Before accepting any mutation, check:

Specificity: Does it target the observed failure without being so broad it could cause regressions elsewhere?
Testability: Could you verify this mutation helps by re-running the failed tasks?
Blast radius: How much of the agent's behavior does this change? Prefer small, targeted mutations over large rewrites.
Consistency: Does it contradict existing skills or prompt guidance?

If a mutation fails the gate, either refine it or discard it. Explain your reasoning to the user.

5. Reload (Apply and Record)

Present the accepted mutations to the user.

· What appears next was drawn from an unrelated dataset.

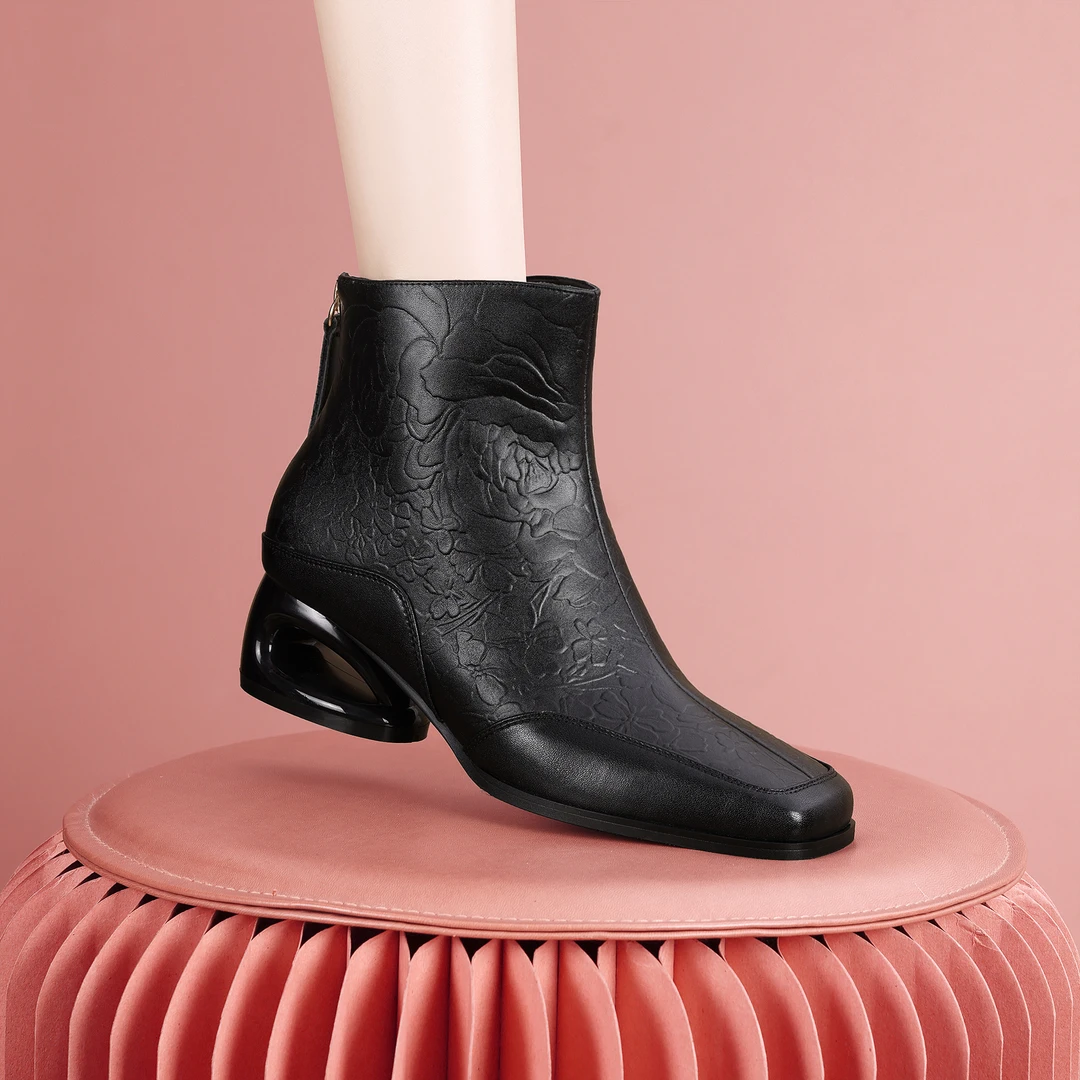 梵芮诗2024年冬季新款原创个性方头百搭加绒舒适粗跟短靴-H1129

For each:

State what changed and why
Show the artifact (skill file, prompt patch, knowledge entry)
Suggest where to place it in the project

For AutoResearchClaw projects, recommended locations:

Artifact	Location
Evolved skill	`.claude/skills/evolved/<skill-name>/SKILL.md`
Prompt patch	Append to `prompts.default.yaml` or custom prompts file
Knowledge entry	`docs/kb/evolved_knowledge/<id>.json`
Observation log	`evolution/observations/<batch>.md`

Keep a running version log so the user can track what evolved and when:

## Evolution Log
- evo-1 (2026-03-30): Generated `api-pagination-handler` skill from OBS-1
- evo-2 (2026-03-30): Prompt patch for citation format from OBS-4

Usage with AutoResearchClaw

This skill maps to ARC's pipeline stages:

ARC Stage	Evolution Role
12 EXPERIMENT_RUN	Source of Solve artifacts
13 ITERATIVE_REFINE	Main Observe + Evolve trigger point
15 RESEARCH_DECISION	Natural Gate — PROCEED = accept, REFINE = retry
18 PEER_REVIEW	Additional Observe signal for writing quality

When the user says "evolve my research pipeline" or similar:

Ask which run to analyze (or find the latest
```
artifacts/rc-*/
```
)
Run the Observe step on experiment outputs + review feedback
Propose mutations targeting the weakest pipeline stages
Generate skill files that ARC can load via
```
.claude/skills/
```

Anti-Patterns

Do NOT:

Generate vague, generic skills ("always be careful", "check your work")
Propose mutations for one-off errors that won't recur
Rewrite the entire system prompt — patch it surgically
Generate more than 3 skills per evolution cycle (quality over quantity)
Mutate tool code unless the user explicitly asks for it

Relationship to MetaClaw

If AutoResearchClaw has MetaClaw enabled (

metaclaw_bridge.enabled: true

), evolved skills from this process can be placed in

~/.metaclaw/skills/arc-*/

so MetaClaw injects them into future runs automatically. The two systems are complementary:

A-Evolve skill: Deep, targeted mutation from structured observation
MetaClaw lesson: Broad pattern captured from pipeline warnings/errors

Both can coexist. Skills generated here are higher-precision; MetaClaw lessons are higher-recall.